The following is the text of a joint message from
President Roosevelt and Prime Minister Churchill delivered personally
on Friday afternoon, August 15, by the British and American Ambassadors
to Josef Stalin, President of the Soviet of Peoples Commissars of the
We have taken the opportunity afforded by the consideration
of the report of Mr. Harry Hopkins on his return from Moscow to consult
together as to how best our two countries can help your country in the
splendid defense that you are making against the Nazi attack. We are
at the moment cooperating to provide you with the very maximum of supplies
that you most urgently need. Already many shiploads have left our shores
and more will leave in the immediate future.
We must now turn our minds to the consideration of
a more long term policy, since there is still a long and hard path to
be traversed before there can be won that complete victory without which
our efforts and sacrifices would be wasted.

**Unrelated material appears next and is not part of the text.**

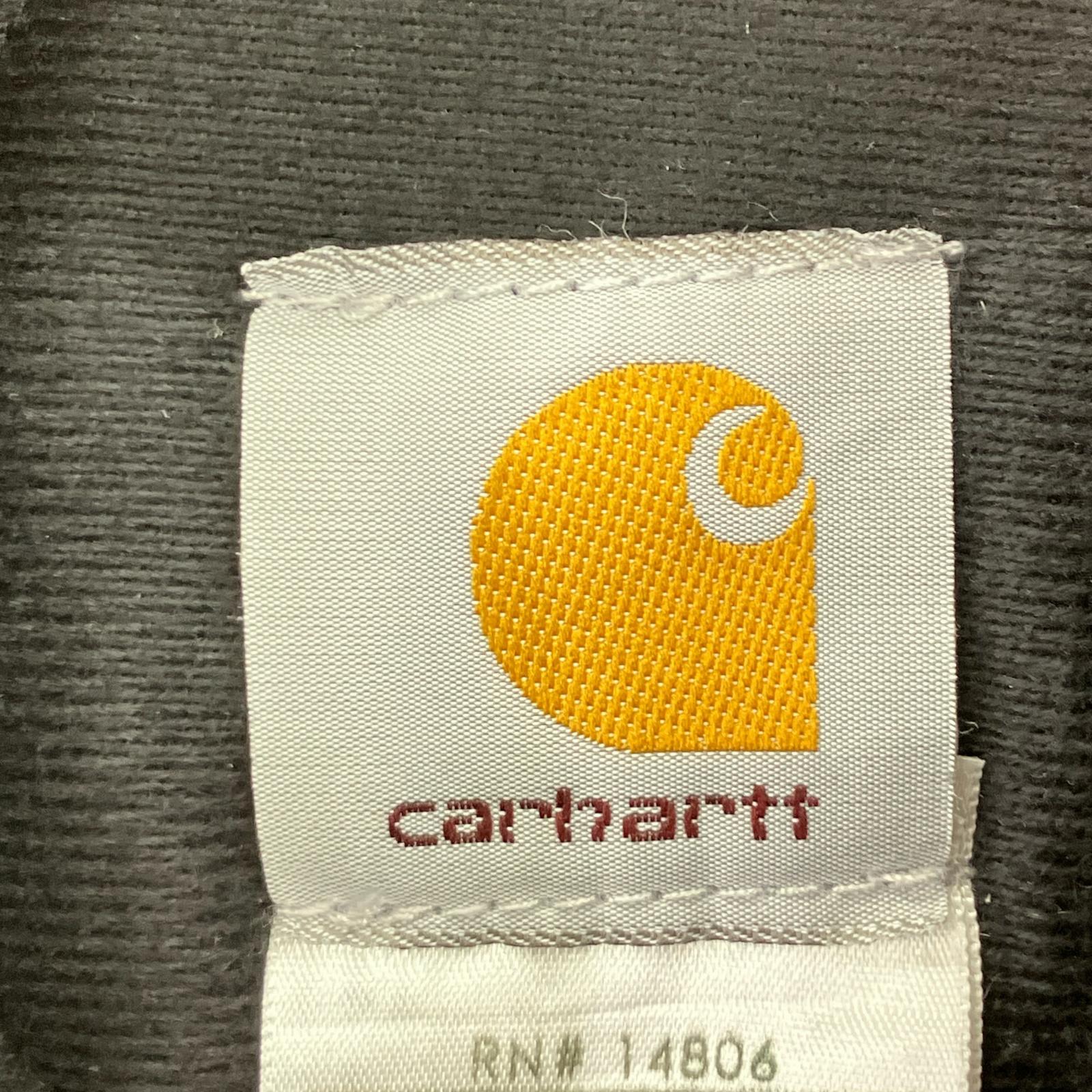 ブルゾン ダック地/サンタフェ/企業刺繍/紺/XL ネイビー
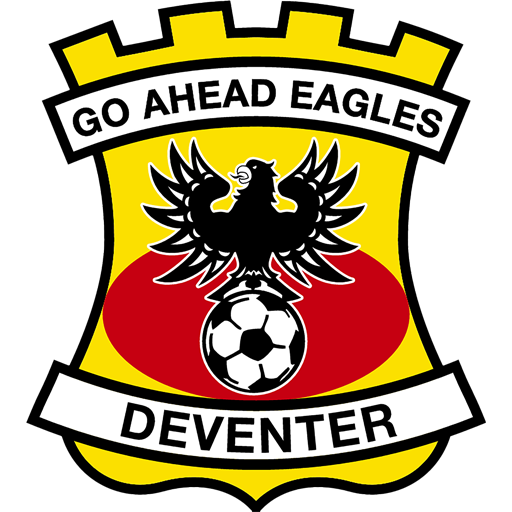 Go Ahead Eagles artwork 1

The war goes on upon many fronts and before it is
over there may be further fighting fronts that will be developed. Our
resources though immense are limited, and it must become a question
as to where and when those resources can best be used to further the
greatest extent our common effort. This applies equally to manufactured
war supplies and to raw materials.
The needs and demands of your and our armed services
can only be determined in the light of the full knowledge of the many
factors which must be taken into consideration in the decisions that
we make. In order that all of us may be in a position to arrive at speedy
decisions as to the apportionment of our joint resources, we suggest
that we prepare for a meeting to be held at Moscow, to which we would
send high representatives who could discuss these matters directly with
you. If this conference appeals to you, we want you to know that pending
the decisions of that conference we shall continue to send supplies
and material as rapidly as possible.
We realize fully how vitally important to the defeat
of Hitlerism is the brave and steadfast resistance of the Soviet Union
and we feel therefore that we must not in any circumstances fail to
act quickly and immediately in this matter on planning the program for
the future allocation of our joint resources.